It is legal, you don't even need a permit for the shrimps we keep until December this year. After that you will need a permit but I doubt. The purchase we made including the OEBT was 100% legit (custom, duty paid, ... etc, hence a hefty shipping cost of around $80 for 40 shrimps).

PS: If you bring them back via air or ground, you do need to declare them. Some of us have done a lot of research even called the agency to clear the issues. If you do it, make sure you print some information (scientific name, habitat, ... etc) so they know what you have. They have a list and they care more about if it's endangered, or could be invasive, and more importantly, you pay the tax to build our country strong)


----------



## arc (Mar 11, 2010)

Buying from AI or from the states  are the best options at the moment. Setting up a group buy to reduce shipping maybe help with the cost. I don't think I've ever seen someone sell OEBT here that were local breed or below $20/piece.


----------



## randy (Jan 29, 2012)

arc said:


> Buying from AI or from the states  are the best options at the moment. Setting up a group buy to reduce shipping maybe help with the cost. I don't think I've ever seen someone sell OEBT here that were local breed or below $20/piece.
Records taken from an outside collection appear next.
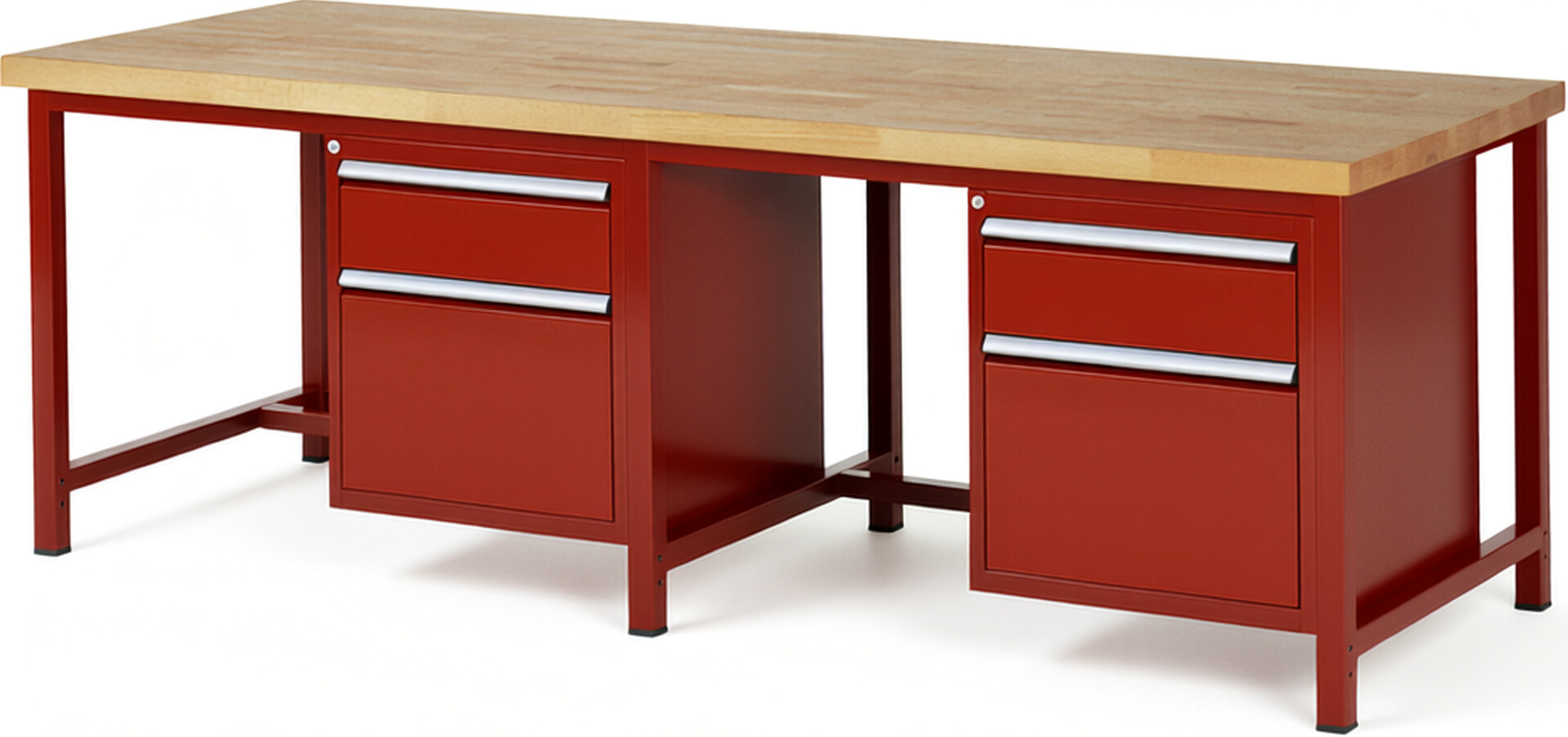 Werkbank Modell 8156 rot, BxTxH 2500x900x840 mm,  Buche-Massiv Arbeitsplatte 40 mm,  4 Schubladen mit  Vollauszug 100 % und  SoftClosing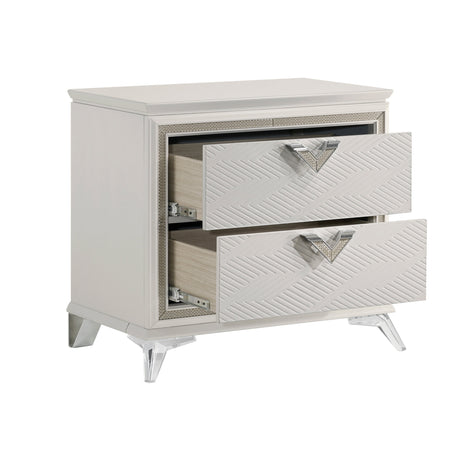 Audra White Nightstand by Homelegance at Eve Furniture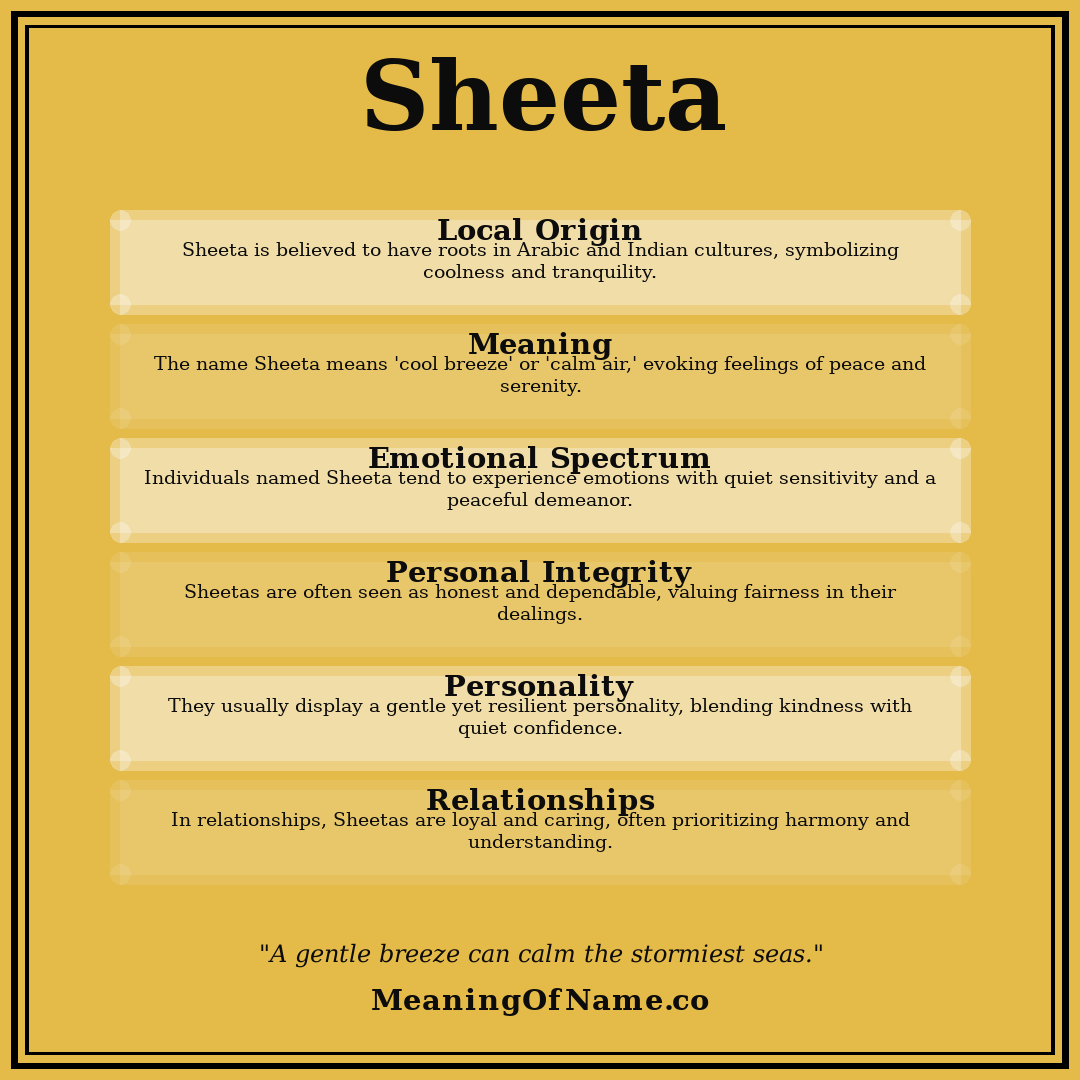 Sheeta name meaning poster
I've only started shrimp keeping about 5 months ago, but I know someone was selling them for $15 each in GTA not too long ago.

I know a few are breeding them so they should be available soon. I know I have a bad record of keeping Caridina babies alive, but with 4 - 5 berried OEBTs, I hope to keep some babies survive.


----------



## chinamon (Jun 16, 2012)

randy said:


> It is legal, you don't even need a permit for the shrimps we keep until December this year. After that you will need a permit but I doubt. The purchase we made including the OEBT was 100% legit (custom, duty paid, ... etc, hence a hefty shipping cost of around $80 for 40 shrimps).
> 
> PS: If you bring them back via air or ground, you do need to declare them. Some of us have done a lot of research even called the agency to clear the issues. If you do it, make sure you print some information (scientific name, habitat, ... etc) so they know what you have. They have a list and they care more about if it's endangered, or could be invasive, and more importantly, you pay the tax to build our country strong)


hmm so if i end up going to beijing in september and see some shrimp that i like i could bring them back on the plane with me?

what are some international breeders that will ship to canada? i would love to check out some websites.


----------



## randy (Jan 29, 2012)

chinamon said:


> hmm so if i end up going to beijing in september and see some shrimp that i like i could bring them back on the plane with me?
> 
> what are some international breeders that will ship to canada? i would love to check out some websites.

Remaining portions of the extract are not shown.